* [WORK TO COMPLETE]: The lines needed are those below that contain the word "right"; copy each one.

• • • • •

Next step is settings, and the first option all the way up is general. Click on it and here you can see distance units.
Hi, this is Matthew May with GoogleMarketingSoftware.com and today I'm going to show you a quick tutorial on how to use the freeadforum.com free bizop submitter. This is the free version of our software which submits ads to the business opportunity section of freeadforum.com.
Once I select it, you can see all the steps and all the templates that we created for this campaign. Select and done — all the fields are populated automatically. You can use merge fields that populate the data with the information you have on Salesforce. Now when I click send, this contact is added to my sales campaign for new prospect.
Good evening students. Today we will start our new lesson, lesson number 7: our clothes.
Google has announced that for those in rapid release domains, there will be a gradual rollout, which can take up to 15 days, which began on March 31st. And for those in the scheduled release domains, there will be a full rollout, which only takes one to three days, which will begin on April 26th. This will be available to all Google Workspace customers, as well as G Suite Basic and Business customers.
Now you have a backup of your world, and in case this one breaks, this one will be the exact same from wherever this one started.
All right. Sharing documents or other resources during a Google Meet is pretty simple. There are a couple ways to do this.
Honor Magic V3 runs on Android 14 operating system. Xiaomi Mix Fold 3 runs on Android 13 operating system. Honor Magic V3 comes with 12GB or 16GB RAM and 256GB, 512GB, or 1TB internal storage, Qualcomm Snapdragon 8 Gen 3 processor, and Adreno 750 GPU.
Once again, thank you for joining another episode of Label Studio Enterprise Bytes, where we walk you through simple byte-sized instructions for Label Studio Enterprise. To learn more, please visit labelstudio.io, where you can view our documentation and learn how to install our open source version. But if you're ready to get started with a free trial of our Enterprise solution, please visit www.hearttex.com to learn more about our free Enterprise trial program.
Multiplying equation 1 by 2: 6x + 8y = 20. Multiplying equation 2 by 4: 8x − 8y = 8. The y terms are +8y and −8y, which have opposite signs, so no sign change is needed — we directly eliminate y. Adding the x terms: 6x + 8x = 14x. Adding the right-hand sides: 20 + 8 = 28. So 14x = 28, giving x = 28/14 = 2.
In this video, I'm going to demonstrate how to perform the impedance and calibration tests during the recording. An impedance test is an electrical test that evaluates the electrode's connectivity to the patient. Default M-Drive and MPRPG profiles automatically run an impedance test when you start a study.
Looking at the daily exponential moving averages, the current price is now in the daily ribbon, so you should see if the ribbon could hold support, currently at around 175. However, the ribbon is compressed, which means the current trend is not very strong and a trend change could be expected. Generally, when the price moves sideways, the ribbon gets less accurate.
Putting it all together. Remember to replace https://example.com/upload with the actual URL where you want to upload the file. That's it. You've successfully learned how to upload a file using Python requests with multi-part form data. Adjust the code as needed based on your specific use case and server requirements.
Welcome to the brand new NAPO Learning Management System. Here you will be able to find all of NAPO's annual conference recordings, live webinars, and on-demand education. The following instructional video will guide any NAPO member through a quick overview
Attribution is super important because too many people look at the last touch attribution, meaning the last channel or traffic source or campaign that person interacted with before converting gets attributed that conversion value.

• • • • •

* [YOUR RESPONSE]:
All right. Sharing documents or other resources during a Google Meet is pretty simple. There are a couple ways to do this.
Multiplying equation 1 by 2: 6x + 8y = 20. Multiplying equation 2 by 4: 8x − 8y = 8. The y terms are +8y and −8y, which have opposite signs, so no sign change is needed — we directly eliminate y. Adding the x terms: 6x + 8x = 14x. Adding the right-hand sides: 20 + 8 = 28. So 14x = 28, giving x = 28/14 = 2.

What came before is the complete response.